A court will exercise a more liberal discretion in awarding new trials on feigned issues, than at law.

A divorced woman is not a good witness where her former husband is a party.

This bill states that, in September, A. D. 1851, complainants recovered a judgment in the Circuit Court of Stephenson county, Illinois, for $>1,014.66, and costs taxed at $20.55, against David McAusland, who, with William Waddams, late father-in-law of said McAusland, are made defendants.

That, September 15,1851, execution issued on said judgment , against said David McAusland.

That, on or about December 8, 1851, the sheriff levied on N. W. i of N. E. i, and S. W. 4 of N. E. 4, and N. W. I of S. E. 4 of Sec. 17, containing 120 acres; also E. 4 N. W. 4, and 43 acres off the east side of E. 4 of S. W. 4 of section 8, containing 123 acres; also S. E. 4 of N. W. 4 of section 7, containing 40 acres—all in town 28 N., of R. 6 East of 4th P. M., in Stephenson county, Illinois.

That on December 29th, 1851, said lands were sold by said sheriff by virtue of said execution, and were struck off to said complainants for $1,075.10, and the sheriff’s certificate of purchase given to said complainants therefor.

That, June 15, 1853, the sheriff of Stephenson county made to said complainants a sheriff’s deed of conveyance for said lands.

That on February 22nd, A. D. 1849, David McAusland had conveyed said. lands to William Waddams, without adequate consideration, for the purpose of defrauding said complainants, and preventing them from collecting the aforesaid judgment— for which, bill states, said complainants had threatened to prosecute, and did prosecute said David McAusland.

That said deed (from McAusland to Waddams) was filed for record in the office of the clerk of the Circuit Court of Stephenson county, on the 14th of April, 1849.

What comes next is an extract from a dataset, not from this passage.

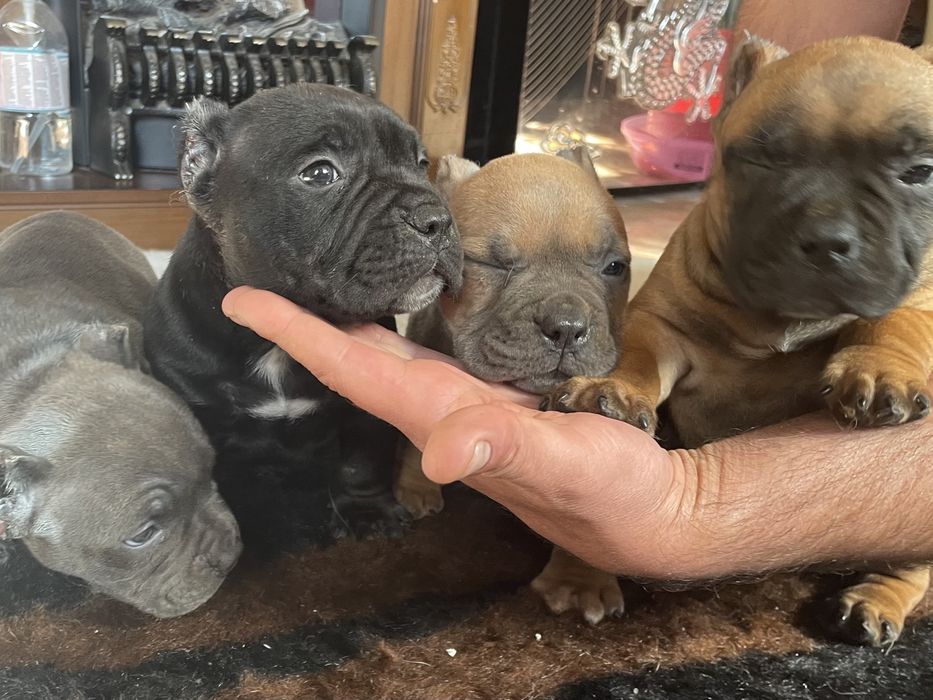 Американский булли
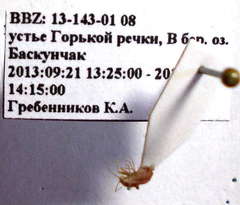 Orthotylus rubidus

That complainant, Sarah G. L. Reed—now Sarah G. L. Humphrey by marriage with Alvin Humphrey—commenced suit against said McAusland for the claim aforesaid, i. e., the claim upon which said judgment was recovered as aforesaid, in Stephenson county Circuit Court, Illinois. The suit in Wisconsin *662was dismissed for want of jurisdiction in the court, all of which was prior to McAusland’s sale to Waddams, and of which Waddams had notice.

Bill further alleges, that complainant, Sarah G. L. Humphrey, while she was Sarah G. L. Reed, furnished to McAusland all the money wherewith to enter said lands from the United States, with the understanding that said McAusland should enter said lands in her name, and that part of the money included in said judgment is for the entry money so furnished as aforesaid.

That said McAusland did not enter said lands in the name of complainant, Sarah G. L., but entered them in his own name, and then, further to defraud said Sarah G. L., sold said lands to said Waddams; that said complainants believe that McAusland was the time and rightful owner of said lands at the time of the sheriff’s sale above mentioned.

That McAusland falsely and fraudulently transferred said lands to Waddams, by a deed bearing date February 22,1849.

That at the time of making said conveyance, said McAusland was in good circumstances, owning and possessing the lands aforesaid, of the value of $2,500, or more ; and that Waddams was unable to purchase and pay for said lands; and that Wad-dams, fraudulently and deceitfully combining with McAusland, fraudulently and deceitfully purchased said lands, and fraudulently holds the same from the creditors of McAusland, and particularly from complainants.

Bill charges that Waddams fraudulently holds possession of a large amount of lands and personal property belonging to McAusland.

Further shows that Waddams, before he purchased of McAusland, knew that complainant, Sarah G. L., had furnished the money wherewith to enter said lands, and also that Sarah G. L. had been trying, and was still trying, to collect her claim in Wisconsin aforesaid, against McAusland; that Waddams had notice of this before he received the deed from McAusland.

General charge of combining and confederating.

Bill waives necessity of answer being under oath.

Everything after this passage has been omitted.